Training Parameters

Parameters that control the foundation model training process. These are set in the training_params section of the YAML config or passed as a TrainingParams object in Python.

from monad.config import TrainingParams

`TrainingParams`

Parameter	Type	Default	Description
`epochs`	`int`	`1`	Number of epochs to train the model for.
`learning_rate`	`float`	`0.0001`	Learning rate.
`check_val_every_n_steps`	`int \\| None`	`None`	Run validation every N training steps. Disables validation on epoch end when set.
`check_val_every_n_epochs`	`int \\| None`	`1`	Run validation every N epochs.
`limit_train_batches`	`int \\| None`	`None`	Limit number of training batches per epoch. Useful for quick validation of setup.
`limit_val_batches`	`int \\| None`	`None`	Limit number of validation batches per epoch.
`loss`	`Callable \\| None`	`None`	Custom loss function.
`checkpoint_dir`	`str \\| Path \\| None`	`None`	Directory to store model checkpoints.
`metric_to_monitor`	`str \\| None`	`None`	Metric alias to monitor for best-model selection.
`metric_monitoring_mode`	`MetricMonitoringMode \\| None`	`None`	Whether to minimize (`"min"`) or maximize (`"max"`) the monitored metric.
`gradient_clip_val`	`int \\| float \\| None`	`None`	Value above which gradients are clipped.
`checkpoint_every_n_steps`	`int \\| None`	`None`	Enable intra-epoch checkpointing at every N steps.
`early_stopping`	`EarlyStopping \\| None`	`None`	Early stopping configuration. See EarlyStopping below.
`precision`	`Literal[...]`	`"bf16-mixed"` / `"16-mixed"`	Float precision for training. Defaults to `"bf16-mixed"` on GPUs with bfloat16 support, otherwise `"16-mixed"`. See Precision Values below.

Inherited Parameters

These are inherited from the base parameter class and shared with TestingParams.

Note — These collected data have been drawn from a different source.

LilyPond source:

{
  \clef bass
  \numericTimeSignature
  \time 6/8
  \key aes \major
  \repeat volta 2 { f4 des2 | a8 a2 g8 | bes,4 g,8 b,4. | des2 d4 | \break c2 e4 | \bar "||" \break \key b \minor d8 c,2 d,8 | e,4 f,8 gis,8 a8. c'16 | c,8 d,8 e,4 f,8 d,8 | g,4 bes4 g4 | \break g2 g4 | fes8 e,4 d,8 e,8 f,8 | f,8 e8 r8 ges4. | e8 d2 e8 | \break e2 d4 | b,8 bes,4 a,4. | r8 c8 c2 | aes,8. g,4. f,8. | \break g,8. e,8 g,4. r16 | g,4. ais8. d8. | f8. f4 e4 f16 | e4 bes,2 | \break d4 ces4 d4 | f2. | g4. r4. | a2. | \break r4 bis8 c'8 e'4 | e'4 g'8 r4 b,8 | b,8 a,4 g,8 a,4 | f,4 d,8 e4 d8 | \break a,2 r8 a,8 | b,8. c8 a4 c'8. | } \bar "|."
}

Parameter	Type	Default	Description
`devices`	`list[int] \\| int \\| "auto"`	`"auto"`	GPU devices to use. `"auto"` selects the least-occupied GPU automatically, falling back to CPU if none are available. A positive `int` specifies count; a `list[int]` specifies device indices; `-1` uses all available GPUs.
`accelerator`	`"cpu" \\| "gpu"`	`"gpu"`	Accelerator type.
`strategy`	`str \\| None`	`None`	Distributed training strategy: `None` (PyTorch Lightning default), `"auto"`, `"ddp"`, `"fsdp"`, or `"fsdp:A:B"` (A = data parallelism, B = tensor parallelism).
`nccl_timeout`	`timedelta \\| None`	`None`	Timeout for NCCL collective operations in distributed training (DDP/FSDP). A bare number is interpreted as seconds. Ignored on a single device.
`rank_sync_timeout`	`timedelta \\| None`	`None`	Timeout for a dedicated per-step rank-synchronization barrier that absorbs data-loading skew between ranks, independently of `nccl_timeout` (which then only needs to cover the gradient sync). A bare number is interpreted as seconds. Ignored on a single device.

Note

Parameters such as metrics, top_k, predictions_threshold, entity_ids, callbacks, and approximate_decoding_params are inherited from the base class but not applicable to foundation model training. Custom metrics are explicitly rejected during pretraining. These parameters are available for Scenario Model Training.

`EarlyStopping`

Wraps the configuration for PyTorch Lightning's early stopping callback.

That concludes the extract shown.